目的や立場によって何を学ぶべきかが違ってきます。大企業か、中小企業か、スタートアップか。学問としての経営学を学びたいのか、実務に役に立つ経営の知識を知りたいのかによっても異なってきます。

「経営学」というのは、大企業の経営を念頭に発達してきた学問なので、たとえば中小企業の経営を学ぶ場合はそれ向けの書籍を選んだ方がいいと思います。最近の著作では浜口隆則さんの『守りの経営』かんき出版、は中小企業の経営者に読んでほしい書籍です。

スタートアップ(ベンチャー)企業の場合も、成長期固有の経営課題に直面するので大企業向けの「経営学」の前に、それ向けの書籍を読むべきでしょう。長谷川博和先生の『マネジメント・テキスト ベンチャー・マネジメント[事業創造]入門』日本経済新聞社、などがおすすめです。

学術研究ということであれば、それ向けの「経営学」のテキストがあります(質問されている方はそうでないと思いますが、大学院生であれば入山章栄さんの『世界標準の経営理論』ダイヤモンド社を読んでいることだと思います)。

もし、大企業の経営に携わるといことであれば、どのような職種であるかによって自ずと重点的に理解すべき分野が定まるはずです。マクロからミクロへというのがおすすめで、「経営戦略」「経営組織」「組織行動」と進むのがいいでしょう。網羅的に知りたいか本質を知りたいかによって読むべき書籍も違ってきます。
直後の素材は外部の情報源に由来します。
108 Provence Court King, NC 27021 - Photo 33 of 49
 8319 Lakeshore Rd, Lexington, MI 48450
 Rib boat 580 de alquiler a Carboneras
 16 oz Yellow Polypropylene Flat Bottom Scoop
経営学は経済学のように標準化が進んでいないので、10人の経営学者がいれば10の理論があるともいわれます。そのような状況で偏りなく学びたい場合は、藤田誠先生の『ベーシックプラス 経営学』中央経済社がおすすめです(経営学の全体を見渡すのに適した良書)。事例とともに学びたい場合は、加護野忠男・吉村典久『1からの経営学』碩学舎が適切だと思います。